***** DATA PROVIDED
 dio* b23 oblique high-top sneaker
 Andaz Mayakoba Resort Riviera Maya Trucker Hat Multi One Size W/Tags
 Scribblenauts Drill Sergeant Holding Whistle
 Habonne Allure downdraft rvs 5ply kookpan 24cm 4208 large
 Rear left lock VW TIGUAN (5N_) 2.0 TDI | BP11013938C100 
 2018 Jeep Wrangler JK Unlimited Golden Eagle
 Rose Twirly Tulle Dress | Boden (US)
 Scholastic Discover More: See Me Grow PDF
**********
***** DATA PROVIDED
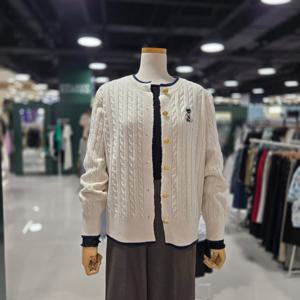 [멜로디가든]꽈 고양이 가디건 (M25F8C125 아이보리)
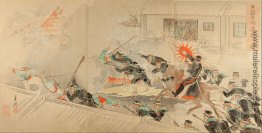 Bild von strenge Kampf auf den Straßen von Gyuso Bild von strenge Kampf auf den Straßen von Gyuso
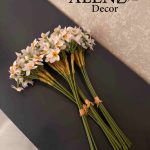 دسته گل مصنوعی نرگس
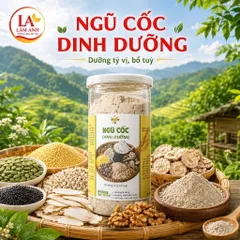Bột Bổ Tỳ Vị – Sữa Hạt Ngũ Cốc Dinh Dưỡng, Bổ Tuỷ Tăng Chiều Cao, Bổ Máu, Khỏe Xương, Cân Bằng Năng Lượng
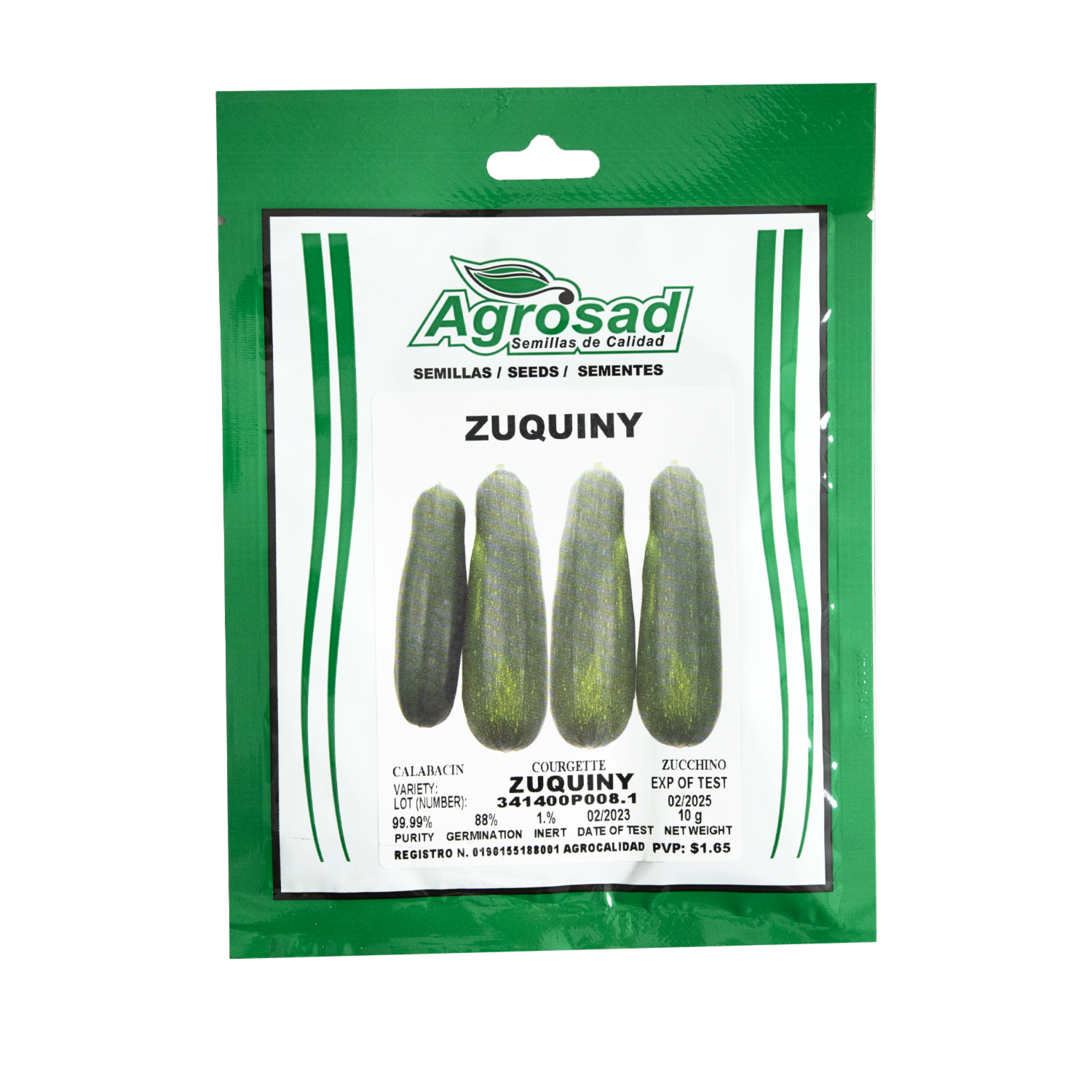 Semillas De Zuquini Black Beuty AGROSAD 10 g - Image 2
**********
***** DATA PROVIDED
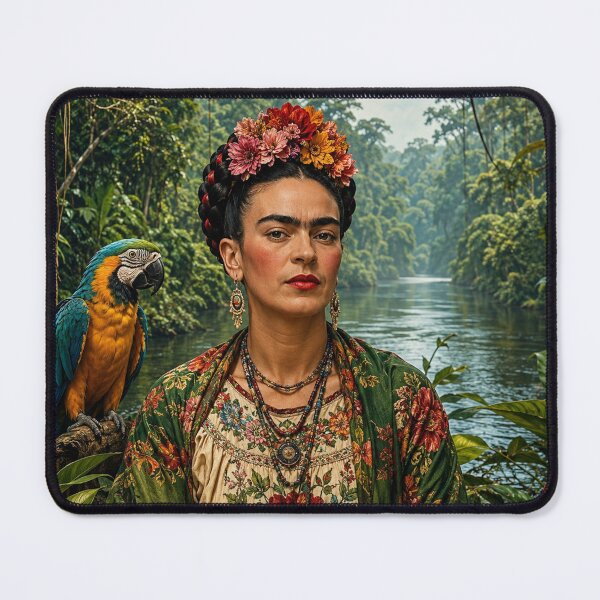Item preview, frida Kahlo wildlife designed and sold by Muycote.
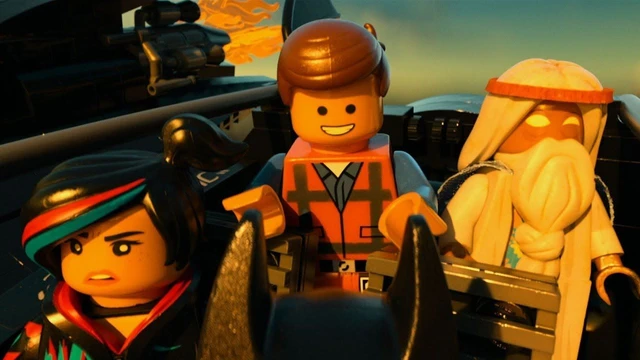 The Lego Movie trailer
**********
▸ DESCRIPTION OF THE TASK: An exact copy of the lines above, from the one containing "dio* b23 oblique high-top sneaker" through the one containing "Scholastic Discover More: See Me Grow PDF", is the whole of the answer.

▸ TASK RESPONSE:
 dio* b23 oblique high-top sneaker
 Andaz Mayakoba Resort Riviera Maya Trucker Hat Multi One Size W/Tags
 Scribblenauts Drill Sergeant Holding Whistle
 Habonne Allure downdraft rvs 5ply kookpan 24cm 4208 large
 Rear left lock VW TIGUAN (5N_) 2.0 TDI | BP11013938C100 
 2018 Jeep Wrangler JK Unlimited Golden Eagle
 Rose Twirly Tulle Dress | Boden (US)
 Scholastic Discover More: See Me Grow PDF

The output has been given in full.